Les dernières écritures de l'appelant ont été déposées le 25 novembre 2022 et celles de l'intimée le 29 août 2022.
L'ordonnance de clôture a été prononcée le 29 novembre 2022.
PRÉTENTIONS DES PARTIES
M. [W] [H], dans le dispositif de ses dernières écritures en date du 25 novembre 2022 auxquelles il convient de se reporter pour plus ample exposé, demande à la cour d'infirmer le jugement déféré des chefs critiqués par sa déclaration d'appel :
déclarer recevable et bien fondé son appel
ordonner l'ouverture des opérations de liquidation et partage de la communauté
désigner le Président de la Chambre des Notaires de L'Hérault à l'effet de commettre tel Notaire chargé de procéder aux opérations de compte, liquidation et partage de la communauté
rejeter la demande de Mme [I] [S] tendant à faire fixer une récompense au profit de la communauté pour des travaux prétendument exécutés sur l'immeuble situé à [Localité 9], bien propre de M. [H],
chiffrer les récompenses dues par la communauté à M. [H] aux sommes suivantes :
45 000€, suite à la donation effectuée par sa mère en 2007
29 751,49€, suite à la perception d'une assurance vie du fait du décès de sa mère le 23 Avril 2013
71 380,98 € suite à la perception par la communauté de ses loyers propres
rejeter la demande d'expertise sollicitée par Mme [I] [S] en l'absence de désaccord sur la valeur des biens
subsidiairement, si une expertise était ordonnée, ordonner que celle-ci reste à la charge exclusive de Mme [I] [S]
condamner Mme [I] [S] à lui payer une somme de 2 000€ par application des dispositions de l'article 700 du Code de Procédure Civile
condamner Mme [I] [S] aux entiers dépens.
Mme [I] [S], dans le dispositif de ses dernières écritures en date du 29 août 2022 auxquelles il convient de se reporter pour plus ample exposé, demande à la cour, au visa des articles 815 et suivants du code civil et des articles 1360 et suivants du code de procédure civile, de confirmer le jugement dont appel en toutes ses dispositions :
ordonner l'ouverture des opérations de compte, liquidation et partage de la communauté
ordonner au préalable une mesure d'expertise confiée à M. [U] [J] selon la mission telle que définie par le jugement dont appel
débouter M. [W] [H] de l'intégralité de ses demandes
dire et juger que les dépens seront déclarés frais privilégiés de partage.
En application de l'article 455 du code de procédure civile, il est renvoyé aux écritures précitées pour l'exposé exhaustif des moyens des parties.
*****
SUR QUOI LA COUR
* Effet dévolutif de l'appel
L'étendue de l'appel est déterminée par la déclaration d'appel et peut être élargie par l'appel incident ou provoqué (articles 562 et 901 4° du code de procédure civile) alors que l'objet du litige est déterminé par les conclusions des parties (article 910-4 du code de procédure civile).
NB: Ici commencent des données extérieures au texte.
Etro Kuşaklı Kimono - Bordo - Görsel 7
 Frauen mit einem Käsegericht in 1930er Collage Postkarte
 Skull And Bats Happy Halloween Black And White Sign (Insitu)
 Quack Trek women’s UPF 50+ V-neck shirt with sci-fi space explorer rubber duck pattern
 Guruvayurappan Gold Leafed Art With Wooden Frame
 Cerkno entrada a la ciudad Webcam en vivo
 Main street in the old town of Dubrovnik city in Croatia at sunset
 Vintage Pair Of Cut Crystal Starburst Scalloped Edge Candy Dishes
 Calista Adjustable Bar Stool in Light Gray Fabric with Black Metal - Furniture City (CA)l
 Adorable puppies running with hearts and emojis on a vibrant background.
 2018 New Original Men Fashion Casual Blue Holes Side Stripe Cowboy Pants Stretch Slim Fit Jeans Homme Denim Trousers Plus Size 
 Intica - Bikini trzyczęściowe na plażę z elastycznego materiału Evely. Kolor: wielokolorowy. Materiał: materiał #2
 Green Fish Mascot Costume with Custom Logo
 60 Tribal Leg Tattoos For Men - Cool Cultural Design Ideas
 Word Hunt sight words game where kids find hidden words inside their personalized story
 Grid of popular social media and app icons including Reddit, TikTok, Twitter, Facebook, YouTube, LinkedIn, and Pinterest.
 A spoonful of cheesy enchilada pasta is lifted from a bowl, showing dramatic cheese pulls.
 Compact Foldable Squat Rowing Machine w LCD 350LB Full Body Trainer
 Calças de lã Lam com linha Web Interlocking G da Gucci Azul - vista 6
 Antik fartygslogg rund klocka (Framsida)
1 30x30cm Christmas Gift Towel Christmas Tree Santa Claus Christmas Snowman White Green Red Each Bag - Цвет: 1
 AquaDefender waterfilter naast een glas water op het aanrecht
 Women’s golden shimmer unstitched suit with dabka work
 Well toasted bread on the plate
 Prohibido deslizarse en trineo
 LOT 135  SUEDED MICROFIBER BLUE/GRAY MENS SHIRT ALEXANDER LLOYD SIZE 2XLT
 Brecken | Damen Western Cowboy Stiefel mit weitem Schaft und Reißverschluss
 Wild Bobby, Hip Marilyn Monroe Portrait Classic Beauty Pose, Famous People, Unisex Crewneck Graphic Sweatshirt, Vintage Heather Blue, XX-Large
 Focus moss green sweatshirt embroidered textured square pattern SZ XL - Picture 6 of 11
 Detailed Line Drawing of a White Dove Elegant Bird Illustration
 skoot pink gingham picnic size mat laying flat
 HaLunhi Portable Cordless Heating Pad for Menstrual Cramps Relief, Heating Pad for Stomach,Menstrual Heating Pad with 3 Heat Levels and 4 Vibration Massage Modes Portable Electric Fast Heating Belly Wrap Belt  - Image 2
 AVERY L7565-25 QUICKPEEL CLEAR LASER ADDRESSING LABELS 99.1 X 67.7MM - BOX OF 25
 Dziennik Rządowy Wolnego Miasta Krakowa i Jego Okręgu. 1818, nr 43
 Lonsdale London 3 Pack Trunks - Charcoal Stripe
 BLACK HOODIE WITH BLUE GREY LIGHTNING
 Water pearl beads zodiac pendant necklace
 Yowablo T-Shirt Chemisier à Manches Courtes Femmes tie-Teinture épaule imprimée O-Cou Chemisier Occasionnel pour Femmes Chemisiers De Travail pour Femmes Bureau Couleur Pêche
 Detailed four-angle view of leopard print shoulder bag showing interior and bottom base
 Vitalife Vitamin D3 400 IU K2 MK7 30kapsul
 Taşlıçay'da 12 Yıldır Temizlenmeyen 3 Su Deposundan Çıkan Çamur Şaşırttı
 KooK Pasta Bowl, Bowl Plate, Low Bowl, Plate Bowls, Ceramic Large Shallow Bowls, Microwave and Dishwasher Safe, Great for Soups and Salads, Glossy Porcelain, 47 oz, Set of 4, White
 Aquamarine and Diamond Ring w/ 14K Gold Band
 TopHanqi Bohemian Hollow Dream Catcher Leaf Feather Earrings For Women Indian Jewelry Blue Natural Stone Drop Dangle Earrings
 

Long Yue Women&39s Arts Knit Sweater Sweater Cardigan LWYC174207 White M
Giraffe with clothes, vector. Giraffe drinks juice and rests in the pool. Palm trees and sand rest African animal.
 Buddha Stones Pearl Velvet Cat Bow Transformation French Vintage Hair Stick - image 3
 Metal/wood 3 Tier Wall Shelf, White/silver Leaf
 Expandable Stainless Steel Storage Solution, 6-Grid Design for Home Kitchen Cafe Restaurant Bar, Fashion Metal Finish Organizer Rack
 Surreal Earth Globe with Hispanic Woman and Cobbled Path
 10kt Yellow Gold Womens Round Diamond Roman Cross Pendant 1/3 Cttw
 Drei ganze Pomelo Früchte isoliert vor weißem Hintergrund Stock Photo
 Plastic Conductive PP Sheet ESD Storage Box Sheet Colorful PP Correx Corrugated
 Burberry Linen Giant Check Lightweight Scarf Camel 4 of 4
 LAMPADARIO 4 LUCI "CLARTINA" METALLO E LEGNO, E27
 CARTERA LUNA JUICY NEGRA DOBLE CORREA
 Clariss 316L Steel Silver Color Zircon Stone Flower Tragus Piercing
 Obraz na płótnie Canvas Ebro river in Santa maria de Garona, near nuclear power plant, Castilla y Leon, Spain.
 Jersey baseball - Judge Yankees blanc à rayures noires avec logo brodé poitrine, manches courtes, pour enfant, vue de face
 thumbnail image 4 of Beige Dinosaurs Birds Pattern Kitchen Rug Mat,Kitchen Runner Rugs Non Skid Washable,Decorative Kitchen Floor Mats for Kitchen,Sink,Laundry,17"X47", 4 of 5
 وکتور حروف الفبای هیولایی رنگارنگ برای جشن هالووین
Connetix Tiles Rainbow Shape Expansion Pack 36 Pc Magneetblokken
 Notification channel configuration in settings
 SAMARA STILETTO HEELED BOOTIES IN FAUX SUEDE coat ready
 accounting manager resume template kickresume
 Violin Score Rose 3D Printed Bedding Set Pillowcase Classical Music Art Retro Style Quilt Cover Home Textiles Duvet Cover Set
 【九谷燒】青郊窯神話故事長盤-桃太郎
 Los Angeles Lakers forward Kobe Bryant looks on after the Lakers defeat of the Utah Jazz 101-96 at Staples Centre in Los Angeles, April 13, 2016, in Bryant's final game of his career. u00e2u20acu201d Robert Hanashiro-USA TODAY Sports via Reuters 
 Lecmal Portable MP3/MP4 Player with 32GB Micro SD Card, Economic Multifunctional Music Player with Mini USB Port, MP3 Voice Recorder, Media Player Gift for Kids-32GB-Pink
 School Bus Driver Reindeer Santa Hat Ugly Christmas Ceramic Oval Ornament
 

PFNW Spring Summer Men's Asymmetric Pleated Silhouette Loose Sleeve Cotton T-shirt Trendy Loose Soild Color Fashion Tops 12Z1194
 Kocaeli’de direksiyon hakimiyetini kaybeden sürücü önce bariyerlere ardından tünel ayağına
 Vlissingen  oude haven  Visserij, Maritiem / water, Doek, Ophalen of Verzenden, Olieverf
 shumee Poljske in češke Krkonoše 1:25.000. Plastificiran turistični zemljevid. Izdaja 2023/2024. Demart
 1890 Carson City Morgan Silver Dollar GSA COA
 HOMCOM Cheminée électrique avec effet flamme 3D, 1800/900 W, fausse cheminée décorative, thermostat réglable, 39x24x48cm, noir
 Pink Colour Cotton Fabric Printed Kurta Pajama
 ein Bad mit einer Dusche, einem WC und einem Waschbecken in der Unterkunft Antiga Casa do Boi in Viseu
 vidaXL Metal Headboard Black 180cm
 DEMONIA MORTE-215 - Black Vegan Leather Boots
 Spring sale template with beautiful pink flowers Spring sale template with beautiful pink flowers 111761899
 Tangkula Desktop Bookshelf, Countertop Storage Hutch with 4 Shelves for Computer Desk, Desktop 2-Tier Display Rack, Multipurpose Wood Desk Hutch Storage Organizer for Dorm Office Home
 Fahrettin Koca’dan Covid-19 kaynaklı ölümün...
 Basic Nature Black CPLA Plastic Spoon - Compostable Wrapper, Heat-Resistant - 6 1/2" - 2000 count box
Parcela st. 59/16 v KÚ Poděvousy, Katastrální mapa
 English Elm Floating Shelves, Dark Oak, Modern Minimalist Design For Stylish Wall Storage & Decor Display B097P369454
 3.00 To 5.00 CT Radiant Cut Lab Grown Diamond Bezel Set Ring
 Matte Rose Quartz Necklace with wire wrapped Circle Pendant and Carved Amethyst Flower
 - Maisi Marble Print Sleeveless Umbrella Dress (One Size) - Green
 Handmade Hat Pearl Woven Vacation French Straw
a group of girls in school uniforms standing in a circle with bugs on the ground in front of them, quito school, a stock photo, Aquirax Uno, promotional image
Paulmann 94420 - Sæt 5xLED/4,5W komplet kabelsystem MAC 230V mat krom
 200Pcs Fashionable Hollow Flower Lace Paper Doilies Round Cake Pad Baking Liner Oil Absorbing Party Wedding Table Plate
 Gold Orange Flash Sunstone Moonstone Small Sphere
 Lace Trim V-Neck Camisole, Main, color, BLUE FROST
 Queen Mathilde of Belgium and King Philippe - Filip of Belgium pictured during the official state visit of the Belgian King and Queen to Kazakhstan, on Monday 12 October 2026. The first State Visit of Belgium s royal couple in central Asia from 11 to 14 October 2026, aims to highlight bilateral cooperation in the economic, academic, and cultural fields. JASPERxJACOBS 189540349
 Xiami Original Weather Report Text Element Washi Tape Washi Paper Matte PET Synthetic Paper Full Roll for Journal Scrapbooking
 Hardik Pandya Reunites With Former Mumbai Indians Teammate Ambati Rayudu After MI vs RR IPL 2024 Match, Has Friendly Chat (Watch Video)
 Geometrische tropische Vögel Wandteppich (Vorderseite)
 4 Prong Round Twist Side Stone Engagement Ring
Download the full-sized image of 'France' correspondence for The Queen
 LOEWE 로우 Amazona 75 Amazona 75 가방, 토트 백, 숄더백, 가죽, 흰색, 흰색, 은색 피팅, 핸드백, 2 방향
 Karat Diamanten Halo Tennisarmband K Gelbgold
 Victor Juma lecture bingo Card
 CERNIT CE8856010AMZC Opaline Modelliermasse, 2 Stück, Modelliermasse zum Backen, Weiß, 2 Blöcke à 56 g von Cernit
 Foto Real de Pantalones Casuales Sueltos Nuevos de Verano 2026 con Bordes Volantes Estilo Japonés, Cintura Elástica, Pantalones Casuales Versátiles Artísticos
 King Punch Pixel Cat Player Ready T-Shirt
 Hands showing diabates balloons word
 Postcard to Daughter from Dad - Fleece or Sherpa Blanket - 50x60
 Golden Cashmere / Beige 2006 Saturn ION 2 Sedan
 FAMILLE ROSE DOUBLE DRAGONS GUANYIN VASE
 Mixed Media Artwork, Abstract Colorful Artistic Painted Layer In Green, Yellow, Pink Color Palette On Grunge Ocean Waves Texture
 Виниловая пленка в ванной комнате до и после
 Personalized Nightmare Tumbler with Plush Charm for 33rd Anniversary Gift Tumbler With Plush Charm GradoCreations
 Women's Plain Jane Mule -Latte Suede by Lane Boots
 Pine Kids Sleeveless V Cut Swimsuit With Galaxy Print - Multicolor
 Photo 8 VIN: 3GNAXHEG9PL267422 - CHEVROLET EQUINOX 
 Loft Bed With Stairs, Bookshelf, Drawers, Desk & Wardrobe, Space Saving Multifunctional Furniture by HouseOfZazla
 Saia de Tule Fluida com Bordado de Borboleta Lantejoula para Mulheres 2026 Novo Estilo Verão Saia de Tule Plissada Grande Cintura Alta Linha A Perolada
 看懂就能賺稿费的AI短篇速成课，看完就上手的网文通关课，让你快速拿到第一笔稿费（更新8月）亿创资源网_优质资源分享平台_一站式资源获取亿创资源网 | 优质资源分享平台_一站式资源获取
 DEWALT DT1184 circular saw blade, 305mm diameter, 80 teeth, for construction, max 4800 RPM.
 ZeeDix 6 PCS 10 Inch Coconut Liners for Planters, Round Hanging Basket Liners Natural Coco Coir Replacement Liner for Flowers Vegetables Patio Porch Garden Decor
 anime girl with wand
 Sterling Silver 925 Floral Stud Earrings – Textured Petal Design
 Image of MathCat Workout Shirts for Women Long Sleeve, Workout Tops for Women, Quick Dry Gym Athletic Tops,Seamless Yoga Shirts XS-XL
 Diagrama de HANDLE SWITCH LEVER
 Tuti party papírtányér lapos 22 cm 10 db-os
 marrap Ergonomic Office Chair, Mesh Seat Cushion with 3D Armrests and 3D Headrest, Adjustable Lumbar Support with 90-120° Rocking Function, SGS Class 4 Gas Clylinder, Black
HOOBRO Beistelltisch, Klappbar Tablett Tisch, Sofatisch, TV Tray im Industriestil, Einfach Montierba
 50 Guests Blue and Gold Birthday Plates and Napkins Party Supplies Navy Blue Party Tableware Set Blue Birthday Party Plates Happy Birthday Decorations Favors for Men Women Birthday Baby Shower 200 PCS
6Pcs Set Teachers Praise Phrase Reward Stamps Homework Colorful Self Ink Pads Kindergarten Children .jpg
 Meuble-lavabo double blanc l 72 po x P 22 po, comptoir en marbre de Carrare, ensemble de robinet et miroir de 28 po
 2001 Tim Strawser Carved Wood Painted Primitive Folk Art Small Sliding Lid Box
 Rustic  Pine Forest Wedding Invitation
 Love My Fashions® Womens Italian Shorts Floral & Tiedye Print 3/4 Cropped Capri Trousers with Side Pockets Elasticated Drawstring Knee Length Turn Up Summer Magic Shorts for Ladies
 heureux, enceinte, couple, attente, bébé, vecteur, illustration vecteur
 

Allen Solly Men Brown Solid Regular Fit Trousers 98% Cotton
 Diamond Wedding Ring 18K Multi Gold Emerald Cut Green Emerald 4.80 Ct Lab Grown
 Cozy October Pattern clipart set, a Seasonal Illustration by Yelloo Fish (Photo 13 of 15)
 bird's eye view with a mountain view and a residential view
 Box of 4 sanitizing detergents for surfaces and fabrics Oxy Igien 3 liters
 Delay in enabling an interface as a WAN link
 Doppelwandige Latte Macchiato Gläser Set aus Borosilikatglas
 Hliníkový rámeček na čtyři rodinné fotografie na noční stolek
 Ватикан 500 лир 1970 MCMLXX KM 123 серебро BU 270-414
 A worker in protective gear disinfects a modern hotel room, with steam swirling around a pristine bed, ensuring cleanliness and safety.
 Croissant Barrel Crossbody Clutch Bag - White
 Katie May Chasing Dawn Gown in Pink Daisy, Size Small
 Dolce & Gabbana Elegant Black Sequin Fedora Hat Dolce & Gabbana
L'objet du litige ne peut s'inscrire que dans ce qui est dévolu à la cour et les conclusions ne peuvent étendre le champ de l'appel.
En l'absence d'appel d'incident, la cour est saisie des chefs suivants : la recevabilité de la demande en partage judiciaire, l'ouverture des opérations de compte, liquidation et partage judiciaire de l'indivision, les récompenses dues par et à la communauté, la mesure d'expertise, l'article 700 du code de procédure civile et les dépens.
* La recevabilité de la demande en partage judiciaire et l'ouverture des opérations de compte, liquidation et partage judiciaire de l'indivision
En application de l'article 954 du code de procédure civile, les conclusions d'appel doivent expressément formuler les prétentions des parties, la cour ne statue que sur les prétentions énoncées au dispositif et n'examine les moyens au soutien de ces prétentions que s'ils sont invoqués dans la discussion.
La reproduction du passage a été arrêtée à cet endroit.